Mr. Tidmarsh was here yesterday, he expressed his sorrow that Preston was so far out of his way as to prevent him from going to see you.

RI MS JT 1/11/3591

LT Transcript Only

‘Bob Major’: a traditional composition for church bells first rung in 1725.

yonder tower of St. Nicholas: the Church of Our Lady and St Nicholas, the Anglican Parish Church of Liverpool, whose tower, built in 1815, was the tallest building in the city at this time.

quondam Cupid: presumably Phillip Evans; quondam indicates the former holder of an office or position (OED).

‘On Leaving Westmoreland by W. Ginty’: ‘On Leaving Westmorland. By W. Ginty’, Preston Chronicle, 28 January 1843, p. [4].

like Robinson Crusoe ‘I stood as one thunderstruck’: the moment in chapter eleven of Daniel Defoe’s novel The Life and Adventures of Robinson Crusoe (1719) when, as the lone castaway records, ‘going towards my boat, I was exceedingly surprised with the print of a man’s naked foot on the shore, which was very plain to be seen on the sand. I stood like one thunderstruck, or as if I had seen an apparition’.

your damnest cunning letter: letter missing.

Jack: John Tidmarsh.

KY Lonsdale: Kirkby Lonsdale.

She: Mary Edwards. The poem that Tyndall published under Ginty’s name is addressed to ‘My Mary’, one of the ‘Windermere Beauties’.

Temperance blow out: not identified.

Byron: George Gordon, Lord Byron (1788–1824).

dressin: drubbing, beating; chastisement, castigation, by blows or words (OED).
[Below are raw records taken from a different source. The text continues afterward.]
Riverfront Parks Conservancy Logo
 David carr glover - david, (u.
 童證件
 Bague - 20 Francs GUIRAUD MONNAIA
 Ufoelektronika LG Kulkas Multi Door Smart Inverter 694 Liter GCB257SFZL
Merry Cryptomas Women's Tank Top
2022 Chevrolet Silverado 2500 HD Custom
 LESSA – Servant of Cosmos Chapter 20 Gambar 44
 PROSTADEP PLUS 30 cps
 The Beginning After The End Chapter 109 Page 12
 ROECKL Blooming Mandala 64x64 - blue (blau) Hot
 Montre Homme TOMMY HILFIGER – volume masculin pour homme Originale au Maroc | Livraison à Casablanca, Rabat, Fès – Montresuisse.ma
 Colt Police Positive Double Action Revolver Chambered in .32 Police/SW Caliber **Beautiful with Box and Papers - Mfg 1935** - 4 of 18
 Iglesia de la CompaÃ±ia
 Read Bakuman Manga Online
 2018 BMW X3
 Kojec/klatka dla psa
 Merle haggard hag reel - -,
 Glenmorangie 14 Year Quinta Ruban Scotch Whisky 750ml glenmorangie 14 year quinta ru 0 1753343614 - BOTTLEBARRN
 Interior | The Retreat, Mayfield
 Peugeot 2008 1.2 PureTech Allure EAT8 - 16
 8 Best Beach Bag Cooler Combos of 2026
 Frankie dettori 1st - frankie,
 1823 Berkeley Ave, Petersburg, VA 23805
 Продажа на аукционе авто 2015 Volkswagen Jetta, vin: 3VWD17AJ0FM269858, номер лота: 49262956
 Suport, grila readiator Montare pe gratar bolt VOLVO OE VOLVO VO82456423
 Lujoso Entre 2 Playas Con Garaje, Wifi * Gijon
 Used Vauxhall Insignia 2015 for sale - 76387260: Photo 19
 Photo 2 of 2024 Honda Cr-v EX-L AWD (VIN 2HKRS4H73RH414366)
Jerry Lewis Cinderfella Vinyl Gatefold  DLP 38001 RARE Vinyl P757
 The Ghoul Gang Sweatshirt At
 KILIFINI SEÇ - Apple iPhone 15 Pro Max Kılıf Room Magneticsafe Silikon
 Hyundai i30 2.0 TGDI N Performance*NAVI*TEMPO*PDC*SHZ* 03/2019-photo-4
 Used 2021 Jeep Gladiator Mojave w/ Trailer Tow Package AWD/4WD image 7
Dramatis personæ: the characters of a drama or play; the actors in a drama (OED).

on the tapis: on the table-cloth, under discussion or consideration (OED).

Corpl. Lyndall: Corporal Samuel Lyndall (b. 1802/3) of the 16th Company of the Royal Sappers and Miners. He had enlisted in January 1827, and worked as a Private in the 3rd Division, B District of the Irish Ordnance Survey, before being promoted to Lance Corporal in August 1839. Lyndall was transferred to England in November 1841, and was there promoted to 2nd Corporal in January 1842 (NAI OS/2/16–18). He was the paymaster of the 5th Division of the English Survey in Liverpool, before joining the 1st Division in Preston (NA OS 3/412).

Mr Finnican: not identified.

Major: possibly the Master-General of the Ordnance, George Murray, although his military rank was actually Lieutenant-General, having been promoted from Major-General in 1814.

(luckily no constables could attend to make a public exposure): certainly the robbery was not reported in the Liverpool Mercury.

Beaus: men who give particular, or excessive, attention to dress, mien and social etiquette (OED).

Mr D. Dempsey: Denis Dempsey, a civil assistant in the 2nd Division, C District. He seems to have joined the Irish Survey in November 1837, and was transferred to England in May 1842 (NAI OS/1/14–19).

sabaoth: Hebrew word for armies or hosts (OED).

George, Bill: George and William Latimer.

Milesians: the last invaders of Ireland in Irish mythology, an Iberian race of Gaelic speaking Celts descended from the warrior king Míl Espáine.

Patlander: Irish person (OED).

Dick: Richard Hunter.

Kennedy: probably Michael Kennedy, a civil assistant in the 1st Division, C District, who seems to have joined the Irish Survey in August 1839 and been transferred to England between July and November 1841 (NAI OS/1/16–18).

Orangemen: members of the Protestant Orange Order founded in 1796 in County Armagh.

that last piece of yours in the Sentinel: possibly the ‘bit of a rhyme’ Tyndall sent to the editor of the Carlow Sentinel sometime in January 1843, but which seems not to have been published nor even acknowledged; see letter 0190.